En nuestro tiempo de inquietudes e indiferencia, en el que tanta gente pierde el rumbo y el fundamento, y la serenidad y las formas; en el que la fidelidad del amor en el matrimonio y en la amistad, por ejemplo, se ha vuelto tan frágil y efímera; en el que desearíamos gritar, en medio de nuestras necesidades, como los discípulos de Emaús: «Señor, quédate con nosotros, porque anochece (cf. Lc 24, 29), sí, las tinieblas nos rodean», pero tú quédate con nosotros y no te vayas; el Señor resucitado nos ofrece en este tiempo un refugio, un haz inextinguible de luz y amor, esperanza y confianza, seguridad y paz. Donde la aridez y la muerte amenazan a los sarmientos, allí en Cristo hay futuro, vida y alegría, allí hay siempre perdón y nuevo comienzo, transformación entrando en su amor.

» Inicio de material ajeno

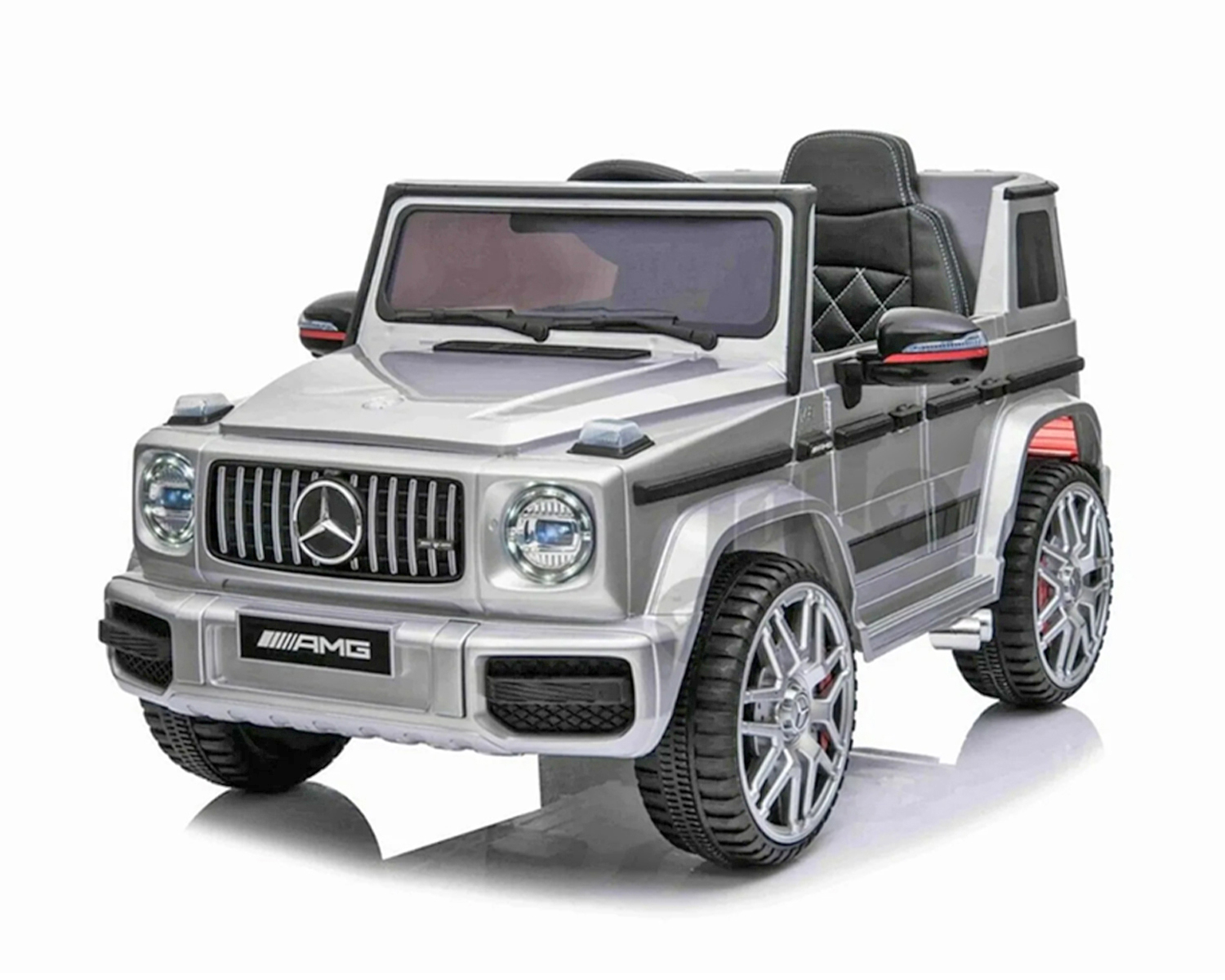 Лицензиран Акумулаторен джип Mercedes AMG G63 Сребрист, 12V с три скорости и меки гуми | Iguana.bg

Permanecer en Cristo, por eso, significa, como ya se ha visto antes, permanecer también en la Iglesia. Una Iglesia entendida como Christus totus, o sea como Cristo Cabeza y Cristo miembros. Toda la comunidad de los creyentes está firmemente unida en Cristo, la vid. En Cristo, todos nosotros estamos unidos. En esta comunidad, Él nos sostiene y, al mismo tiempo, todos los miembros se sostienen recíprocamente. Juntos resistimos a las tempestades y ofrecemos protección unos a otros. Nosotros no creemos solos, creemos con toda la Iglesia de todo lugar y tiempo, la que está en el cielo y en la tierra.
Es, así, la Iglesia el don más bello de Dios. De ahí que san Agustín llegase a escribir: «Cada uno posee el Espíritu Santo en la medida en que uno ama a la Iglesia» (In Io. eu tr. 32, 8). Con la Iglesia y en la Iglesia podemos anunciar a todos los hombres que Cristo es la fuente de la vida, que Él está presente, que es la gran realidad que buscamos y anhelamos. Se entrega a sí mismo y así nos da a Dios, la felicidad, el amor.
Quien cree en Cristo, tiene futuro. Porque Dios no quiere lo que es árido, lo que es rígido, lo que está muerto, lo que no pasa de artificial, lo que al final es desechado, sino que se complace y desea lo que es fecundo y vivo, la vida en abundancia, la que Él nos da. En la Secuencia de Pentecostés pedimos al Espíritu Santo, enviado por el Padre a petición del Hijo, «doma todo lo que es rígido, funde el témpano, encamina lo extraviado». Él puede hacer también de nosotros sarmientos unidos siempre a la Vid.